And there's a difference between some hypocrite telling you that you need to be completely happy before anyone will love you and simply someone telling you that you need to love yourself so that you can more easily find a good relationship. These are also completely different things.

Just look at the facts.
If you're unhappy being alone, if you're 'dependent' on relationships, and if you are negative about your prospects, then how are you going to find someone who loves you for who you are? Are you really 'requiring' everyone you meet to look past the unhappiness, to look past the dependency issues, and to look past the negativity? That's a lot of pressure for someone with you just entered into a relationship. Isn't it?

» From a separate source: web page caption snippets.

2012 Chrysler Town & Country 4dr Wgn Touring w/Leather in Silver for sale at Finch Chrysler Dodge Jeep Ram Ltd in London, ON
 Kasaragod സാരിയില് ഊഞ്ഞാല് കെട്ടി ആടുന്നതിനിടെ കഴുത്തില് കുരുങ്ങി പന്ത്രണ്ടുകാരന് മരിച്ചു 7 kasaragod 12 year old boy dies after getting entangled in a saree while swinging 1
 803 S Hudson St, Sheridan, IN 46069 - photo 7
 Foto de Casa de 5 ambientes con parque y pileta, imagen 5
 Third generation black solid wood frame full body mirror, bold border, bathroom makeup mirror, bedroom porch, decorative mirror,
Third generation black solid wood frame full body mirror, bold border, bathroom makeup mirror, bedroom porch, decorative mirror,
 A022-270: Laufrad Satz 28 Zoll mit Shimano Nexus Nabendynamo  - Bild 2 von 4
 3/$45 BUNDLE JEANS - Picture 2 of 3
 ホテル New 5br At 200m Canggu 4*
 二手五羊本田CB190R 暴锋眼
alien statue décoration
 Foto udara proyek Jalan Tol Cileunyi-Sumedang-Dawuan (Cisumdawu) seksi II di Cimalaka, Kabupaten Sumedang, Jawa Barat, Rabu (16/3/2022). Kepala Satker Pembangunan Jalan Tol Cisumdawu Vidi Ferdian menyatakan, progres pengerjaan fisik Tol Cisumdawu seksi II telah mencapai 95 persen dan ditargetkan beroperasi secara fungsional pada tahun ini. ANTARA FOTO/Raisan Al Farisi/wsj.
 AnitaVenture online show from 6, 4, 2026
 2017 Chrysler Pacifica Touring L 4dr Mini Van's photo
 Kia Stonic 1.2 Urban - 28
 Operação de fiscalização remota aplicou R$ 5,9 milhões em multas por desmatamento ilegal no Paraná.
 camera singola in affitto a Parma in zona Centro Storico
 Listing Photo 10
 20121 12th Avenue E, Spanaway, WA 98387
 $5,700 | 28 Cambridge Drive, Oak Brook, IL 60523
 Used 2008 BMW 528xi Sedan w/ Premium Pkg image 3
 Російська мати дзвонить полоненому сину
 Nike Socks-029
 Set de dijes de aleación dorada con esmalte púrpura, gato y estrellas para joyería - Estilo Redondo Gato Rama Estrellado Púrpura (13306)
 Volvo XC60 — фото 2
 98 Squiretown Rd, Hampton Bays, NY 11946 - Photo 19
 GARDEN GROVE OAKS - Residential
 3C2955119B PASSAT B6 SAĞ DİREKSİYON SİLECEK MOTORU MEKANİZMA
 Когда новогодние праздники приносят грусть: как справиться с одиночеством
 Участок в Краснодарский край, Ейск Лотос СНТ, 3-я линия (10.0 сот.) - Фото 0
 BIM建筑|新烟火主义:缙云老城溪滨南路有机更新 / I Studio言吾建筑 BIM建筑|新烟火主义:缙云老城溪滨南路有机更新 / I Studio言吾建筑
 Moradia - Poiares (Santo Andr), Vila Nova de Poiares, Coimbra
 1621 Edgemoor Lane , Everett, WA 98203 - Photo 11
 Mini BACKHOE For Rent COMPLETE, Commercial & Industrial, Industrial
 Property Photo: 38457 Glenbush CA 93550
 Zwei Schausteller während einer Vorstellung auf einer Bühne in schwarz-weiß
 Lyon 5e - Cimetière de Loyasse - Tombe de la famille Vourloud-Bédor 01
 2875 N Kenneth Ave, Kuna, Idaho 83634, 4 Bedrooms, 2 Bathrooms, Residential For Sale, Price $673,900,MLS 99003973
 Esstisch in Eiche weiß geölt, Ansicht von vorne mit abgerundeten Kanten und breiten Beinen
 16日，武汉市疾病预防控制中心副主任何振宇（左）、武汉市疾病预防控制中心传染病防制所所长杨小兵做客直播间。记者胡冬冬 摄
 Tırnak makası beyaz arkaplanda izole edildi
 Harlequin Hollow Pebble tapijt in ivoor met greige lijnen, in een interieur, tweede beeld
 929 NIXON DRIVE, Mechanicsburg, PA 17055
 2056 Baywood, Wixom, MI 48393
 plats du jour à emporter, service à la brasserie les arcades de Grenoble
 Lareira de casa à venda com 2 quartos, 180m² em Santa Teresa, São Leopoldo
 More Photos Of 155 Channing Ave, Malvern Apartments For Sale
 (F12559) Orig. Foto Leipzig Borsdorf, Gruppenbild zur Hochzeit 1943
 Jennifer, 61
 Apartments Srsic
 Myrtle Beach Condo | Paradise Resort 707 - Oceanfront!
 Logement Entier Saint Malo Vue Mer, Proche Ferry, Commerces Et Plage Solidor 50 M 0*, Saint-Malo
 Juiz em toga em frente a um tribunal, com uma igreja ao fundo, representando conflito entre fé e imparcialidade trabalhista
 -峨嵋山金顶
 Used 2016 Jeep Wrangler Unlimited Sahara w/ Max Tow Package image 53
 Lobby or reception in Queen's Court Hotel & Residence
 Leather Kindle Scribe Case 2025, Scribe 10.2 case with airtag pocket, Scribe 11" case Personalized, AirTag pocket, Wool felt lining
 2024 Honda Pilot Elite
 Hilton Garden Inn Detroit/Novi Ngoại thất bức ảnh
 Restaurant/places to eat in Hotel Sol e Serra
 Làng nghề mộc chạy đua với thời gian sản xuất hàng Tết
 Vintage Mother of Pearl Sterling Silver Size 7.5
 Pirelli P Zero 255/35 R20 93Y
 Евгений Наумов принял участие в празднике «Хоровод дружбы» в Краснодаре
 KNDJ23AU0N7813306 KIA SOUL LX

You don't need to be 100% happy all the time, but you don't need to be unhappy all the time either. The trick is just to love and accept yourself for who you are and to stay positive, ignoring the negative whenever possible.

I mean it's basic math.
Unhappy + negative = unappealing
Happy + positive = appealing

All I'm really suggesting to you is that you can choose and don't have to just go with the one that you've always gone with.
So there is just one simple question remaining: Which would you rather be?

Tiina63 said:
Loving and being loved are fundamental human needs and most of us need to express these needs in relation to others.
No offense, but that is quite wrong.
Being loved is a desire. If it were a "fundamental human need" then you could not possibly see things like monks living alone in the mountains and such. They do not really experience what it means to be loved, and they are fine with that. If it were fundamental to their humanity then this could literally never happen.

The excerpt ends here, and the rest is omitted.